Under Reg. 1.6033–2(e) and the filing instructions for Form 1065, an IRC 501(d) organization is required to file a partnership return on Form 1065. As required by IRC 501(d), members report their pro rata share of the organization’s income as a dividend on their individual tax returns.
The instructions for Form 1065 were modified in 1994 adding the following paragraph to the Form 1065 instructions:
A religious or apostolic organization exempt from Income tax under section 501(d) must file Form 1065 to report its taxable income, which must be allocated to its members as a dividend, whether distributed or not. Such an organization must figure its taxable income on an attachment to Form 1065 in the same manner as a corporation. Form 1120, U.S. Corporation Income Tax Return, may be used for this purpose. Enter the organization’s taxable income, if any, on line 4b of Schedule K and each member’s pro rata share on line 4b of Schedule K-1. Net operating losses are not deductible by the members but may be carried back or forward by the organization under the rules of section 172.

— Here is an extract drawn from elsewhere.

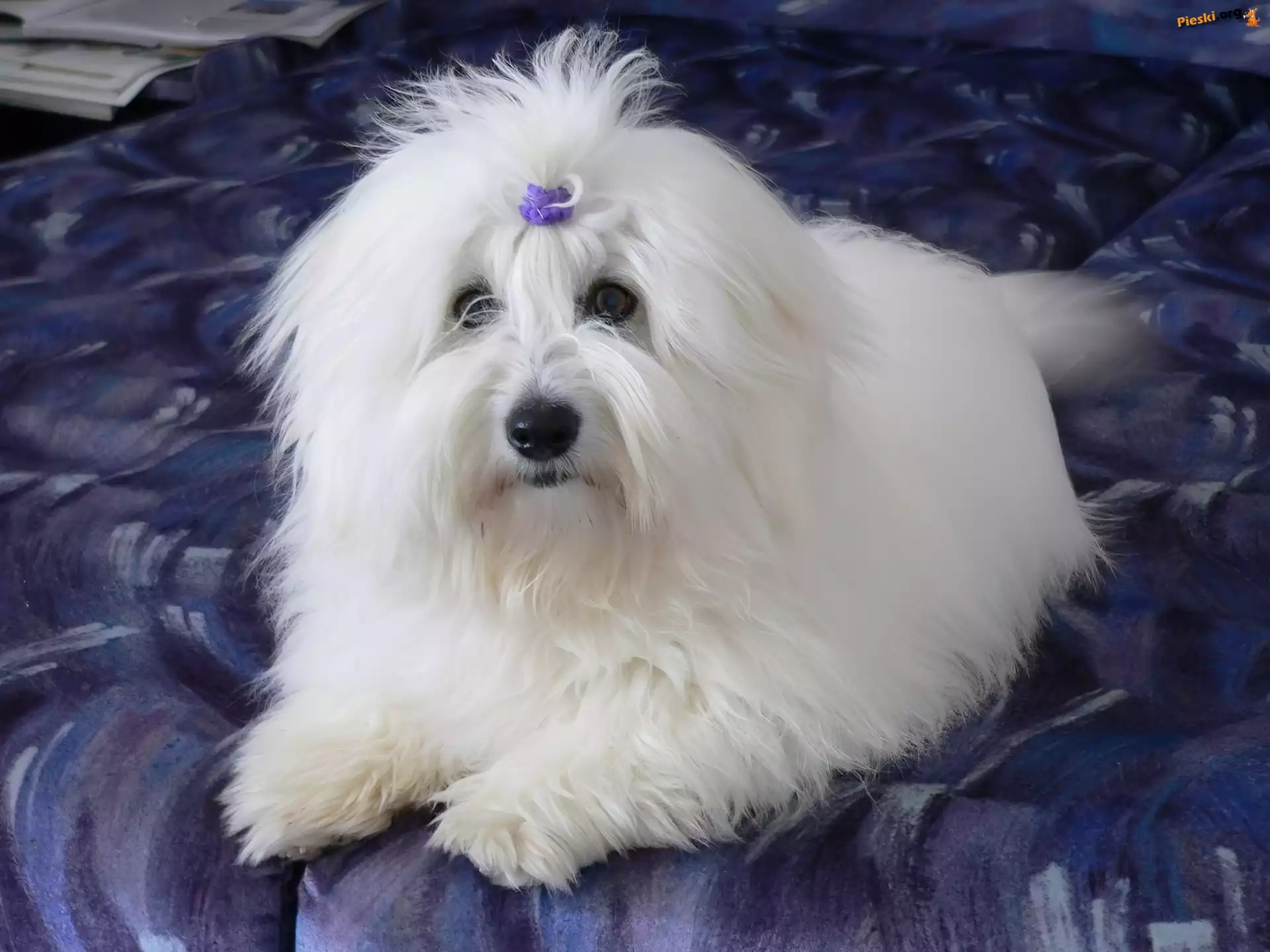Kokardka, Coton de Tulear, Piesek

IRC 501(d) organizations are required to make their annual Form 1065 returns available for public inspection for three years after the return is due. IRC 501(d)’s are also required to make available a copy of their exemption application letters, any supporting documents, and their exemption letters. Failure to make these documents available for public inspection may subject the organization to a penalty of $20 per day for each day there is a failure to comply (up to a maximum of $10,000 in the case of an annual return). See IRC 6104(d) and IRC 6652(c)(1)(C). However, the Schedule K-1's need not be disclosed.
Apostolic Organization—This ruling illustrates the type of organization that may qualify for exemption from federal income tax under IRC 501(d) and provides that contributions to such organizations are not deductible as charitable contributions for income tax purposes or for estate or gift tax purposes. Rev. Rul. 57–574, 1957–2 C.B. 161.
Applications—Information to be filed with exemption application by religious and apostolic organizations seeking exemption under IRC 501(d). Rev. Proc. 72–5, 1972–1 C.B. 709.
Infants and minor children as members—To the extent allowed under applicable state law, parents may consent to membership on behalf of their minor children. Rev. Rul. 77–295, 1977–2 C.B. 196.
Organization supported by outside income—An organization supported by wages earned by members from outside employment, rather than from internally operated businesses, is not described in IRC 501(d). Rev. Rul. 78–100, 1978–1 C.B. 162.
An organization that is substantially dependent on wages earned by some of its members from outside employment does not qualify for exemption under IRC 501(d). Rev. Rul. 80–332, 1980–2 C.B. 34.
Contributions to IRC 501(d) organizations are not deductible by donors under IRC 170(c)(2). Under IRC 6113, any fundraising solicitation (including a solicitation for membership dues payment) that an IRC 501(d) makes, must include an express statement (in a conspicuous and easily recognizable format) that contributions and gifts are not deductible as charitable contributions for federal income tax purposes. IRC 6113 does not apply, however, if the organization’s annual gross receipts are normally $100,000 or less, or if the organization’s solicitations are made to no more than ten persons during a calendar year. The law provides penalties for failure to comply with this requirement, unless the failure is due to reasonable cause. Notice 88–120, 1988–2 C.B. 454.